Market conditioning. Create a story among your target audiences that feels bigger than your brand's promise, but, at the same time, sets your brand up to be the only one to pay off on the needs the Market Conditioning story has set up.

  • Brands that want to stand apart must either define or redefine a category using ownable language, unique messages, and compelling visuals.

  • Once a brand has established its unique voice, it needs to spark interest in the category with innovative and creative campaigns.

  • Campaigns that drive people to seek out answers (via online, friends, family, or doctors) must implement mechanisms to ensure people can "find" them (i.e., Google paid search ads, Facebook Social Ads, QR Codes on waiting-room posters, etc.). But your responsibility as the "first-to-market marketer" by no means should stop there.

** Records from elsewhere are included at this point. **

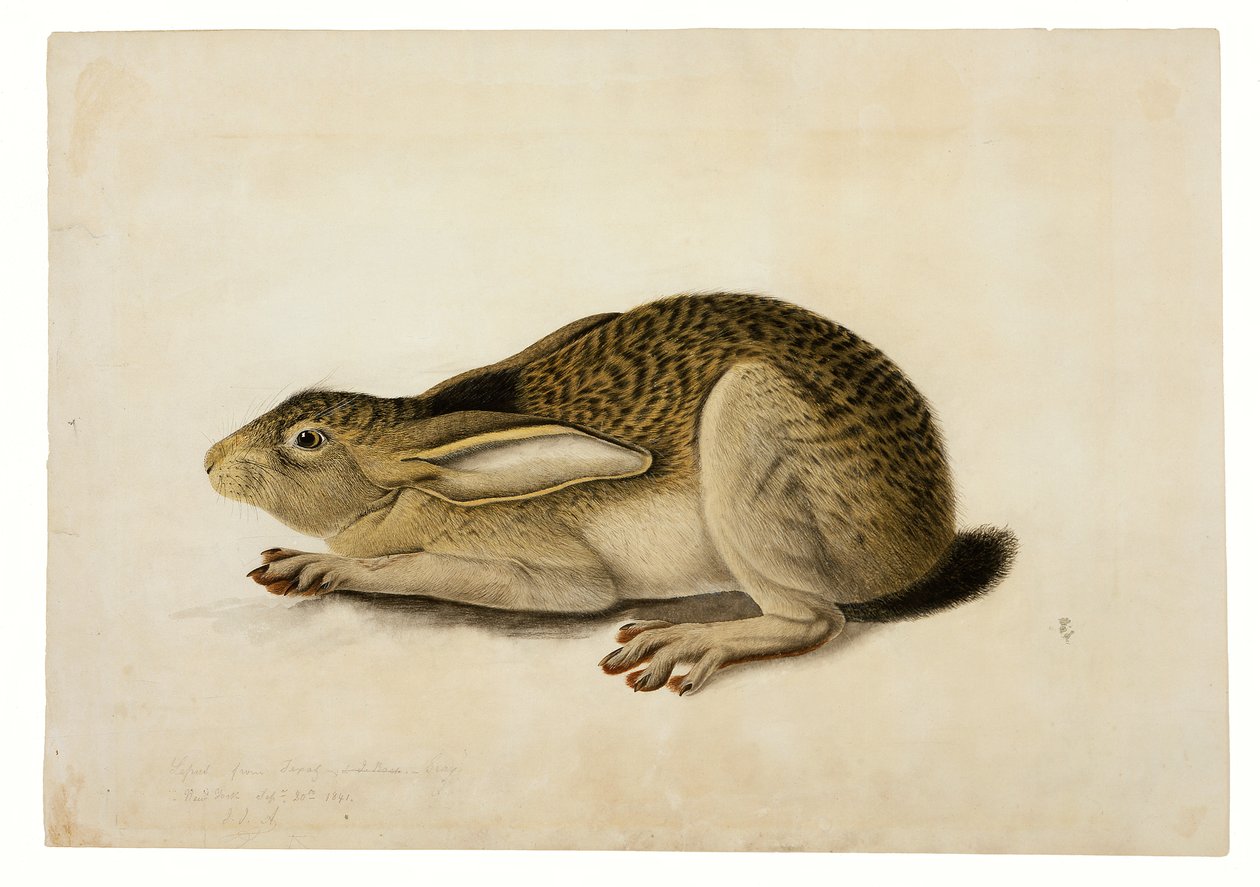 Mustahäntäinen jänis tekijältä John James Audubon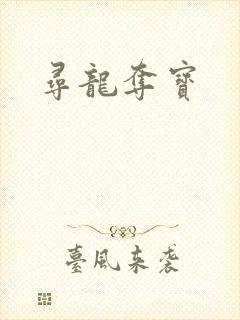 寻龙夺宝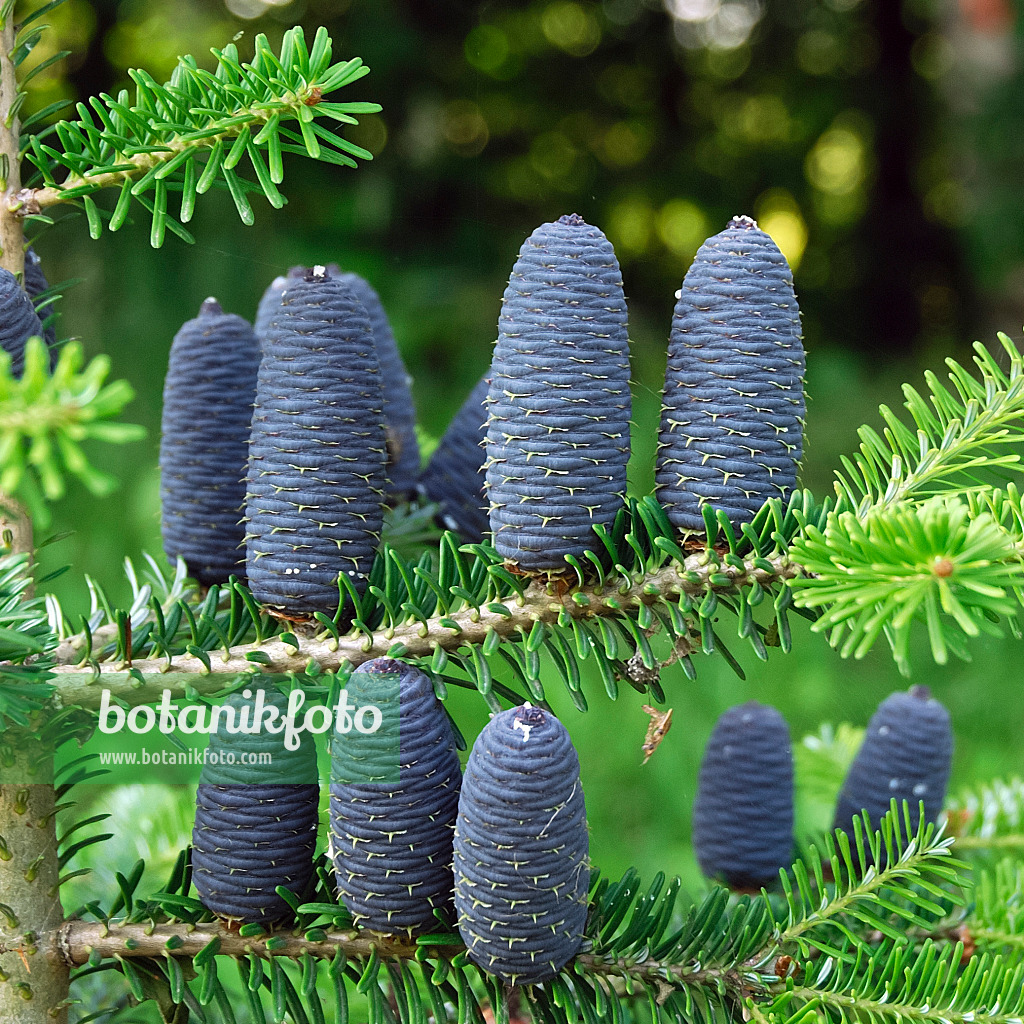 454001 - Korean fir (Abies koreana)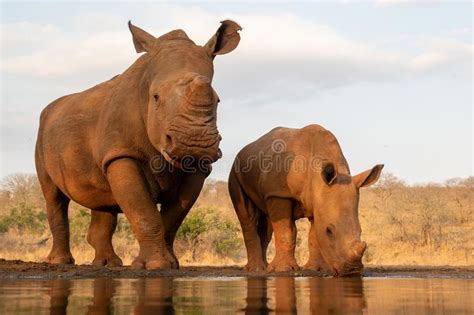 Rhino Mirror Stock Photos Free And Royalty Free Stock Photos From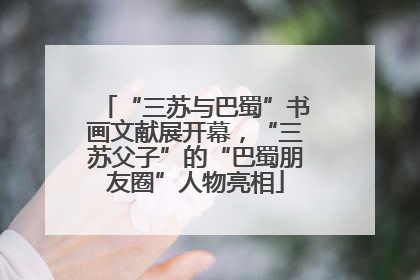 “三苏与巴蜀”书画文献展开幕，“三苏父子”的“巴蜀朋友圈”人物亮相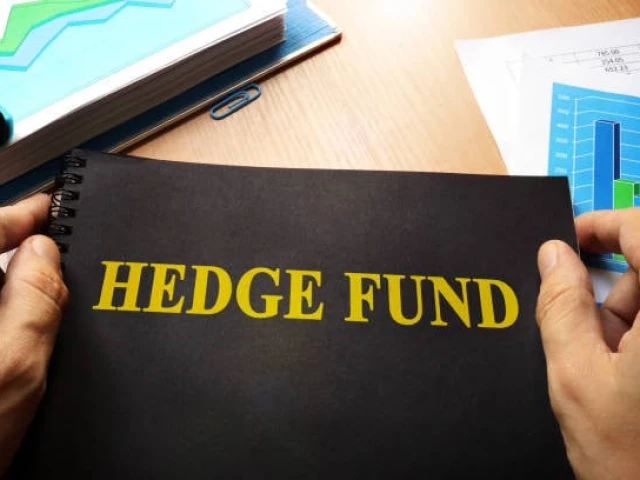 hedge funds give 2024 returns in double digits hedge funds give 2024 returns in double digits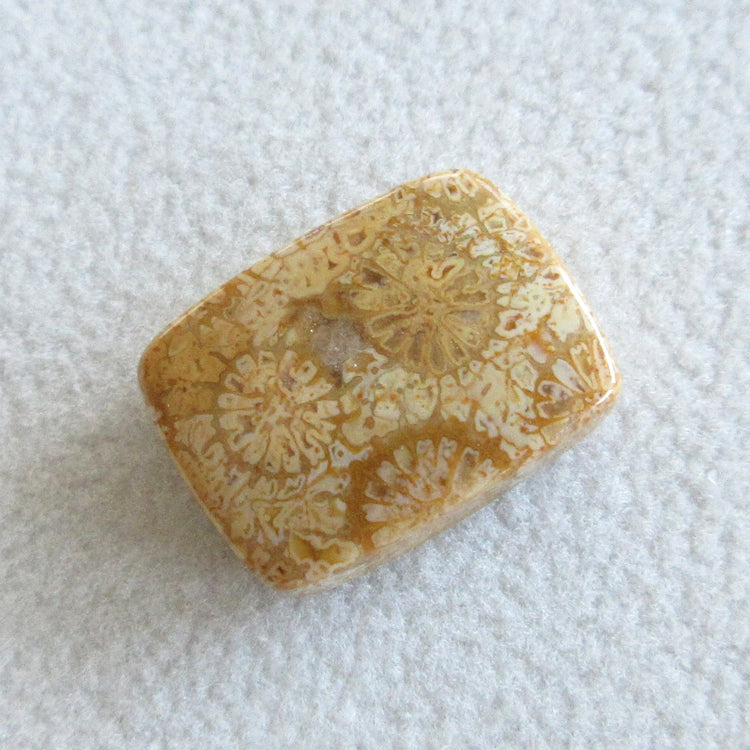 フォッシルコーラル 天然石ルースペア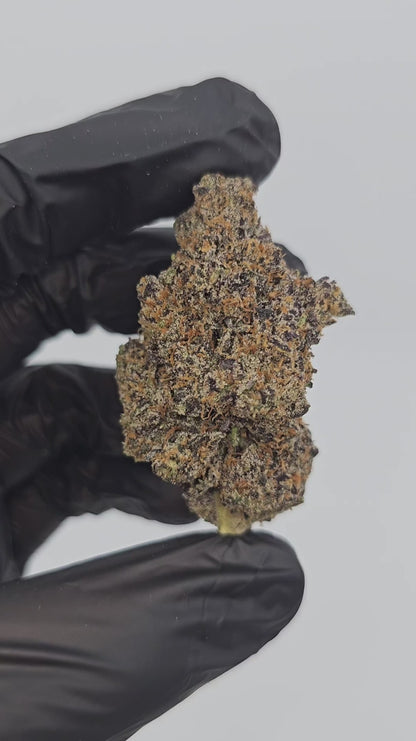 neon slushie | exotic indoor | flower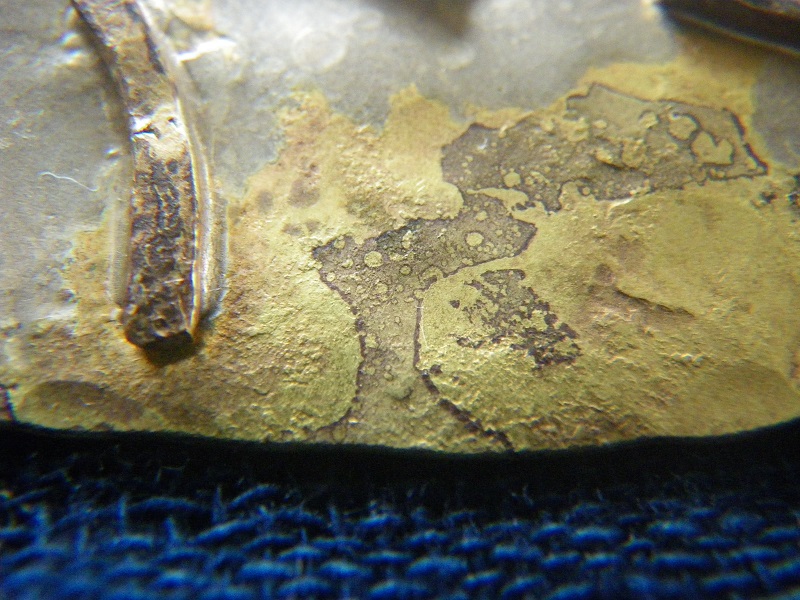 c0033636_046206.jpg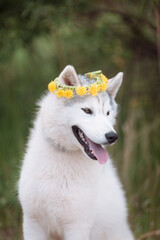Obraz premium White cute husky dog with wreath of dandelions, summer walking day, green meadow of park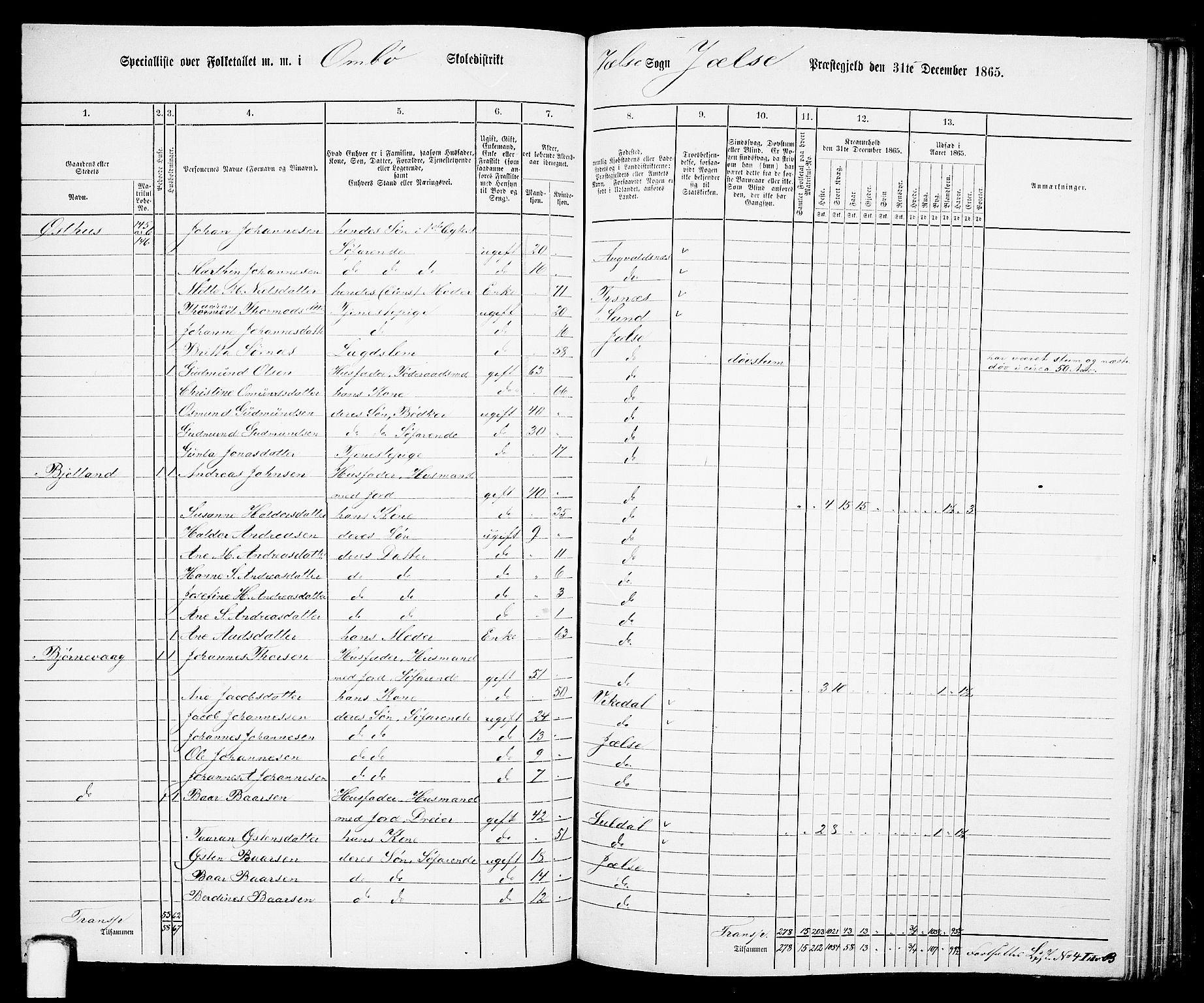 RA, 1865 census for Jelsa, 1865, p. 74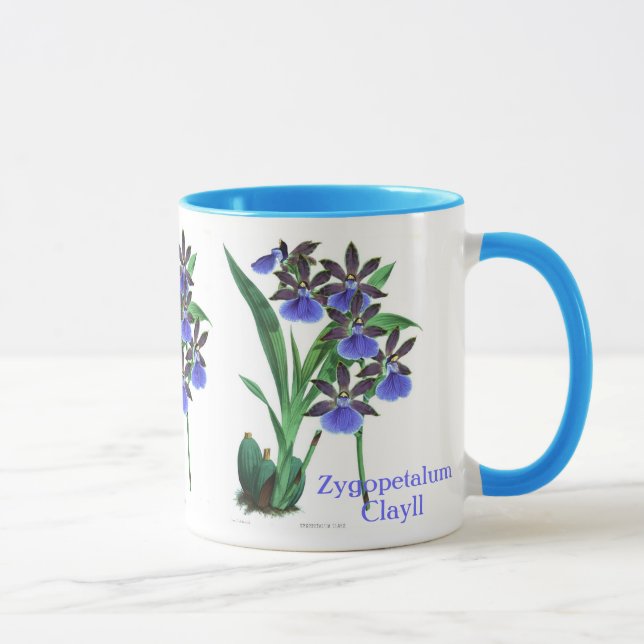 Taza Orquídea Zygopetalum Clayll (Derecha)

Perspective Marketing: Helping them to imagine the future.

A new, somewhat savvy companion to the tradition of Market Conditioning is a concept known as Perspective Marketing. Although it can be done (to varying degrees of effectiveness) at any point in a brand's life cycle, it is at its most virulent when done in pre-launch and launch phases. Add to that the idea of doing it for a first-to-market brand, and the list of "what's possible" grows.

For as long as NicVAX is the only vaccine of its kind on the market, life for the brand should look pretty bright. One might even say it could sell itself. However, as pointed out earlier, players in the vaccine category almost always end up in commodity grudge matches (an old marketing joke: the word "vaccine" is Latin for "commodity"). Perspective Marketing can be just that futuristic insight—and magic bullet—you need to tip the scales in your brand's favor. It can help head the competition off at the pass, even before that competition is born. Where Market Conditioning is creating a need or highlighting a problem that only your brand can satisfy (even before it launches), Perspective Marketing is all about creating a companion story to Market Conditioning where the brand begins to dip into the future, demonstrating to its target audience just how good life will be because (in this case) NicVAX has existed in it.

If Market Conditioning tells the story of what problems can be solved today, Perspective Marketing takes on the job of painting a picture (now!) of how the future will soon look; how large the promise of this brand is; all the tangible and emotional ways the target audience will come to rely on this brand; and how there will come a day, very soon, where the target audience won't be able to imagine what life had been like without this brand. All this is done in the voice of the brand, so that this story and the perspective it creates remains ownable to that specific brand, even in the face of launching competition. Think brand-as-trend-futurist.

Imagine if, in 1928, Sir Alexander Fleming had a Perspective Marketing machine working for him, exciting the world at large about the life-sparing properties that his discovery of penicillin would hold for the world in the very near future. It is entirely feasible to believe that the world would not have had to wait until the 1940's for the magic of penicillin to begin to do its work in vivo.